Zach and the Vinestalk: Zach King’s Six-Second “Fairy Tales”

Whether or not you keep up with Vine, the Twitter subsidiary that allows users to share video clips of six seconds or shorter, you might well have spotted some of Zach King’s work. He has become one of Vine’s most popular users, and besides being frequently “revined,” his video clips can be found on YouTube and are frequently shared through Facebook and other social media.
https://www.youtube.com/watch?v=cii2JFHGpEk
King had already received some notoriety for winning various contests and for his popular Jedi Kittens segments on YouTube. Since then, he has received additional awards and found himself on SyFy network and The Ellen DeGeneres Show.
King himself is a Christian, a graduate of Biola University’s Cinema and Media Arts program. At first glance, however, his Vine videos may not seem to be particularly “Christian” in orientation, and they could easily be scorned as fluff entertainment. On closer examination, one can see in King’s work a deft use of a particular media art format, one that marks him as a promising young innovator in the Christian arts world.

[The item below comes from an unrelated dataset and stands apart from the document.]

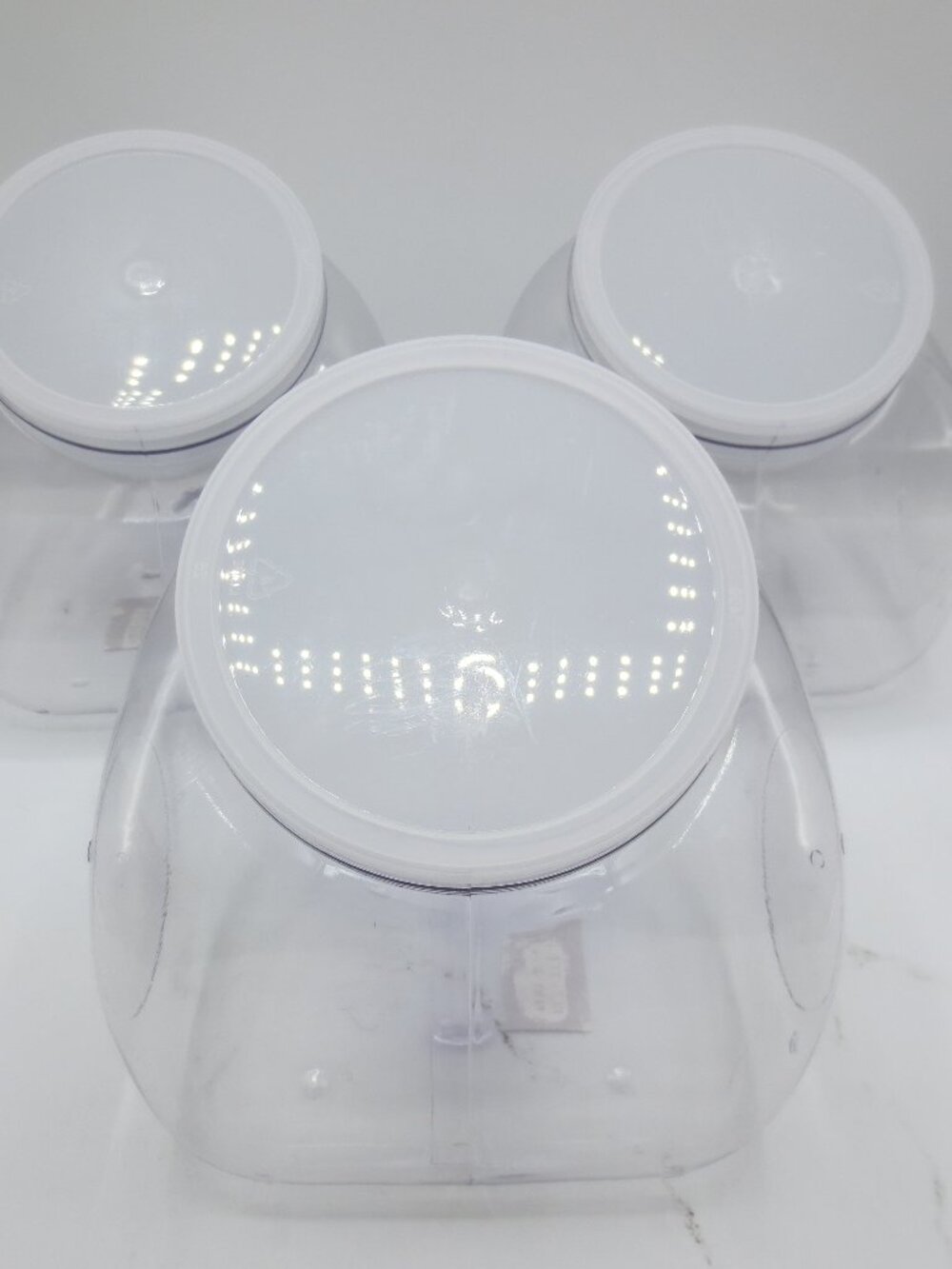 Plastic Containers Lot of 3 Fishbowl Candy Bowls With Lids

Though I laughed a great deal the first time I saw a compilation of King’s Vine work, I admit that my gut reaction was to be dismissive. American attention spans are already terribly low; any visual production under ten seconds must surely be the ultimate capitulation to its audience’s digitally fried brains. How could anything so short possess any merit beyond an ephemeral giggle?
For a few brief seconds, we are treated to a reality in which the seemingly impossible becomes actualized, thereby redefining our parameters of possibility.But I am an English teacher, and while my breed does settle into 500-page novels with frequency, we also tend to appreciate another art form: the poem. And while epics like Homer’s Iliad or Milton’s Paradise Lost do fall into the category, most lyric poetry is much shorter. In fact, there are several forms of lyric poetry that are fewer than ten lines in length: in other words, about the length of a Vine video. And the poets who work in these forms are neither frivolous nor careless; quite the contrary, they must execute their task with all the more skill given the brevity of the work.
Among the classic short poetry structure is the Japanese form known as haiku. Haiku poems consist of only three lines, usually employing seasonal nature imagery, often arranged in a strict syllable count. Though haiku are complete within themselves and often depict a single moment or experience, they are not static. Rather, they tend to be divided by two perspectives on a single thought or picture. This can take the form of a “twist,” in which the latter half of the poem reveals the core image to be something very different from what the reader may first have expected, as in this example from the haiku master, Bashō:
Birth of art—
Song of rice planters,
Chorus from nowhere. (121, translated by Lucien Stryk)
Perhaps even more relevant, however, is the limerick. This comic form of English poem was first popularized by the British writer Edward Lear in the mid-1800s, though he hadn’t invented the limerick (and the term itself only occurred later). Like haiku, limericks are short, only five lines in length (with some lines occasionally printed together). They employ only two rhymes worked into a sing-songy rhythm (usually composed of combining syllable patterns called anapests and iambs). Also like haiku limericks usually have a little “twist.” As Edward Lear established in his archetypal limericks, the poem begins by describing a person, but midway through reveals a peculiar idiosyncrasy unique to the individual. So bizarre are these idiosyncrasies that Lear’s poetry—including his limericks—was categorized as “nonsense” verse, as we can see in this classic example from one of his early collections:
In other words, whether serious or comic, skilled artists have chosen to operate within severe space and time constraints long before social media emerged. Haiku is one of the most revered poetic forms in Japan, and Bashō is among their most influential writers; Edward Lear’s apparently superficial “nonsense” limericks haven’t faded in popularity since their publication a century and a half ago, and his works still appear in any serious British anthology of the period.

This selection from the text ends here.